- **WHAT THIS TASK INVOLVES**
The expected output is an exact copy of the lines from the one containing "Armani Bolso de" to the final line below, minus any pictures.

======

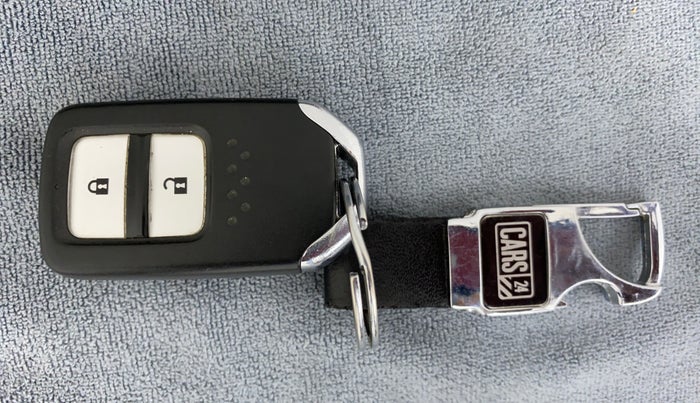 2017 Honda BR-V 1.5 i-VTEC V, Petrol, Manual, 19,487 km, Key Close Up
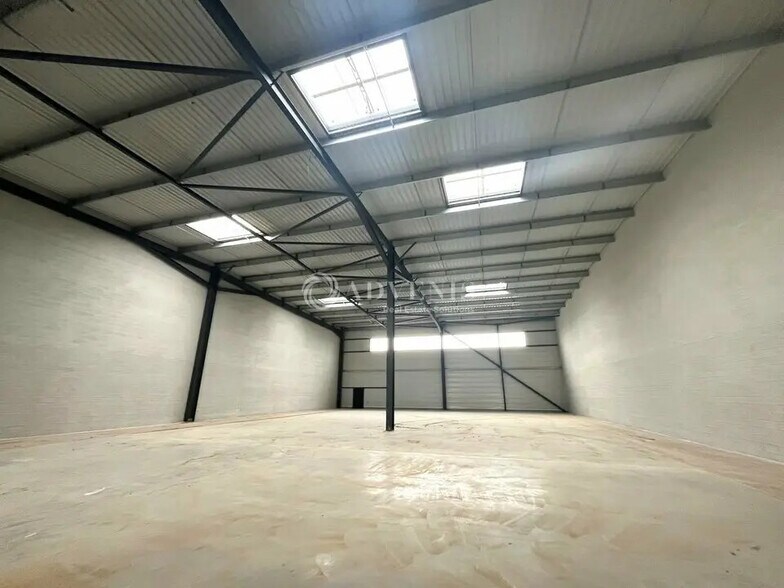 Flex in La Queue-en-Brie for lease - Interior Photo - Image 3 of 7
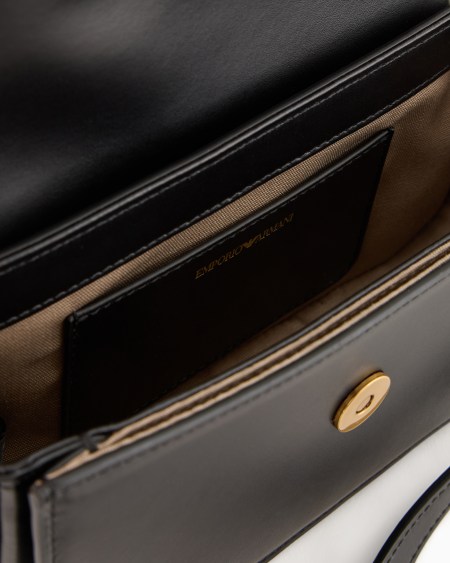 Armani Bolso de hombro de piel lisa con logotipo de águila de metal Venta caliente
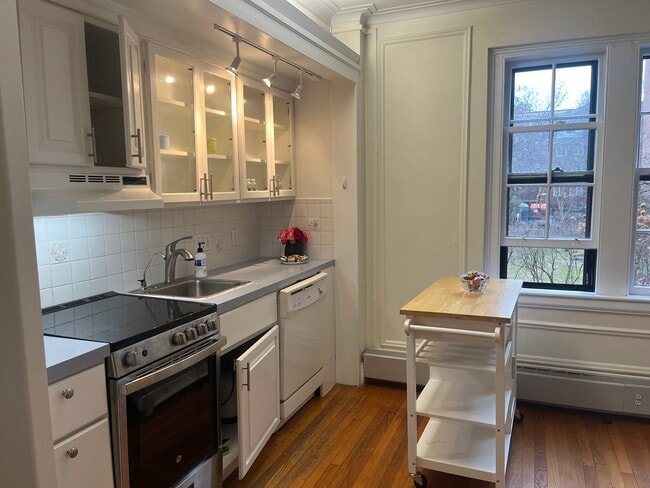 Photo - 988 Memorial Dr Unit 186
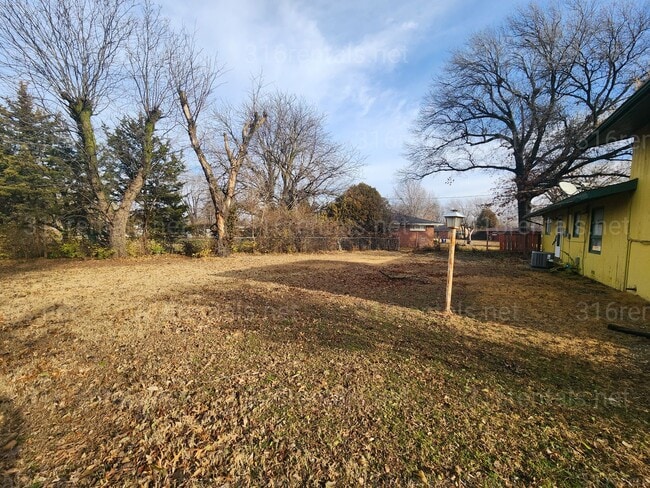 Building Photo - $1,795 - 3 bedroom/ 2 bathroom Single Family Home **COMING SOON**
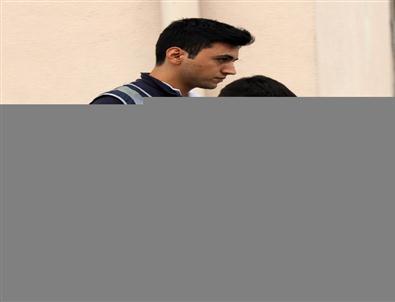 8 Kilo Toz Esrarla Yakalandı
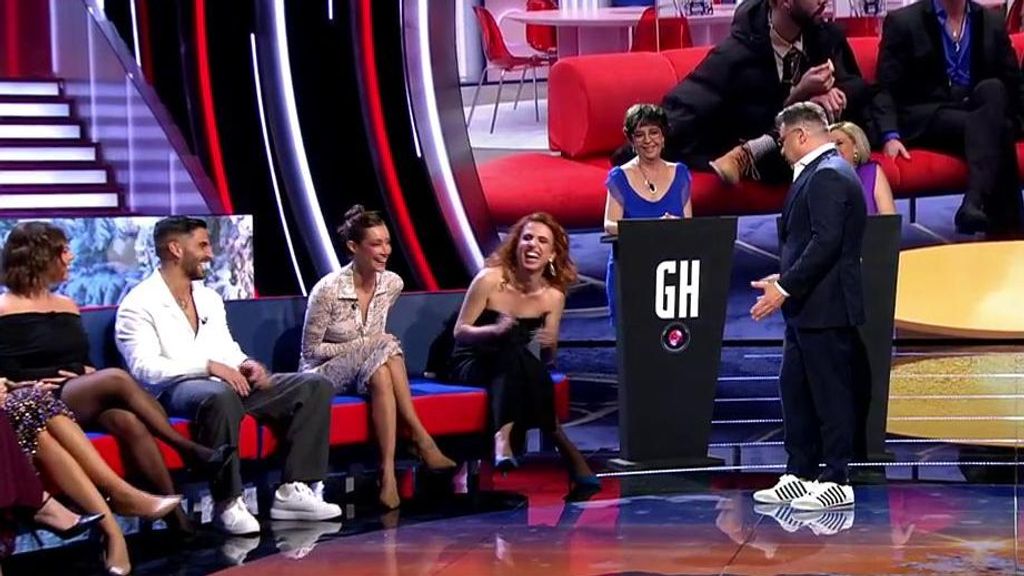 Jorge Javier Vázquez y la madre de Violeta reaccionan a la actitud de Edi y Adara en plató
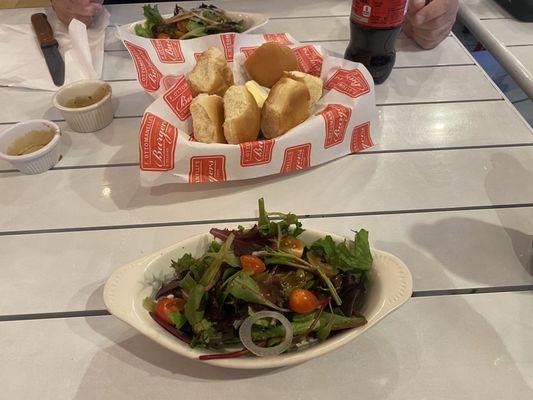 Yummy salad & some buttered rolls !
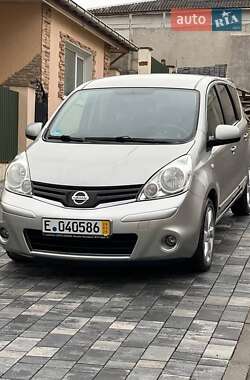 Хэтчбек Nissan Note 2009 в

======

- **EXERCISE RESULT**
 Armani Bolso de hombro de piel lisa con logotipo de águila de metal Venta caliente
 Photo - 988 Memorial Dr Unit 186
 Building Photo - $1,795 - 3 bedroom/ 2 bathroom Single Family Home **COMING SOON**
 8 Kilo Toz Esrarla Yakalandı
 Jorge Javier Vázquez y la madre de Violeta reaccionan a la actitud de Edi y Adara en plató
 Yummy salad & some buttered rolls !
 Хэтчбек Nissan Note 2009 в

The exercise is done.